Cow country and an aqueduct quest
Ramsdell Hall Railings to Bosley Locks: 9½ miles
There’s a comfortable homecoming feel to being “back on the Macc.” Perhaps it’s the combination of rural and dramatic settings with visually interesting structures that creates such affection for this canal.
The black and white painstakingly repaired and repainted Ramsdell Hall railings
were clearly visible from last night’s dining position.
After a farewell to them this morning it was straight through one of the many Macc Canal bridges.
Local stone and graceful curved arches give these bridges a certain eye appeal. It is at Congleton that the first of the “snake” or crossover bridges is seen,
these designed to take the towpath from one side of the canal to the other. Just before Hightown was an innovation since last passing this way – some brand new end of garden decking.
Then the canal passes through a cutting; three differently aligned bridges cross the canal
and it is a skilled steerer who can navigate through all three without a scrape on one side of the hull or other!
Not much further on comes another favourite mooring place, Biddulph Aqueduct above Dane-in-Shaw SSSI pasture. You can sit on the seat here
and watch the Virgin trains whizz northbound
across a fine viaduct up the West Coast line to Manchester and beyond.
If as a boater you should tire of aqueducts and bridges beyond Buglawton the canal soon enters a quiet phase. No road noise interrupts the natural sounds. On the left you become aware of the Cloud’s looming presence and if the light is right you can see the quarrying scars upon the hillsides.
The odd cockerel crows and the quietness is punctuated only by birdsong. Today a persistent mewling call came from above a copse of trees; was it a buzzard as the Captain suggests?
There had been cows in fields on either side of the canal last night and there were more cows as the canal progressed towards Bosley. They gazed incuriously as the boat passed by.
The cows in this area of Cheshire come in several colour combinations, some all black or all rust and some are a mixed colour. The most attractive cow in these parts, of course,
is this one, helpfully immobilised but beautifully painted!
Foragers have been out in groups of twos or threes or fours.
Some carry plastic boxes for their treasure while others have plastic bags weighing their arms. “Blackberrying?” the Captain called out once today.
“Well, you’ve got to, haven’t you!” was the smiled reply.
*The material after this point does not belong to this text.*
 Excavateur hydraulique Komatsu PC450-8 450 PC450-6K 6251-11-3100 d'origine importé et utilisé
At Bosley Locks a group of four had somewhere found plump plums: there they were nestled in a container within a wicker basket.
After three hours or so of lock free cruising Dane Aqueduct was reached. It’s always a pleasant mooring place from which to contemplate tomorrow’s Bosley Twelve.
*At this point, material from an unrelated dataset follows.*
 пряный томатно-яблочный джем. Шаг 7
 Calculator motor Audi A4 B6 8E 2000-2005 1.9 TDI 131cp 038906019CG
The Dane Aqueduct, according to Nicholson’s Guide, “is not very impressive from the boat but superb when viewed from the river.” That sparked this afternoon’s photographic quest. There was a clamber down a steep path through willow herb and fluffy weeds, right to the banks of the River Dane.
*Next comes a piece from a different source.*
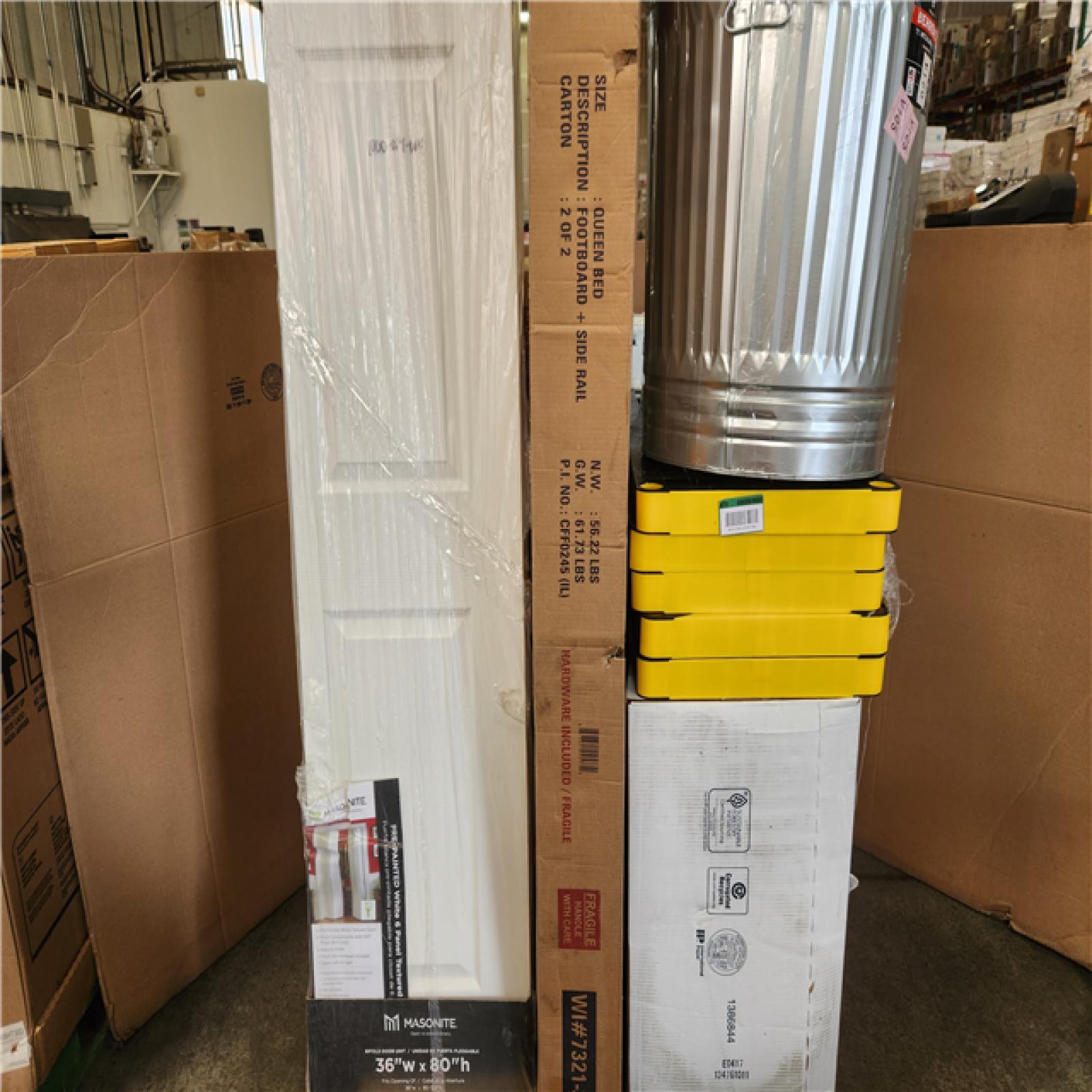 Phoenix AS-IS Mixed Home Improvement Pallet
Trees in full summer growth blocked all view of the aqueduct (though the fungi were a surprise)
and all attempts at finding a way across to the opposite bank were foiled by lack of access. There is a clear footpath across the opposite field but how is it reached? Back up to canal level and then up the lock flight the aqueduct-deprived pair climbed. There is an awkwardness about patrolling a lock flight with walking poles but no windlasses to offer transiting boaters help at the locks...
No footpath was found. Resigned today to defeat, the Captain and Boatwif turned downhill. Could the disused railway line be a route to the river bank? There was a bit of a scramble up to it, no further access from it but a new view down over the bottom locks...
Conclusion: the Dane Aqueduct is a quest to be resumed another day!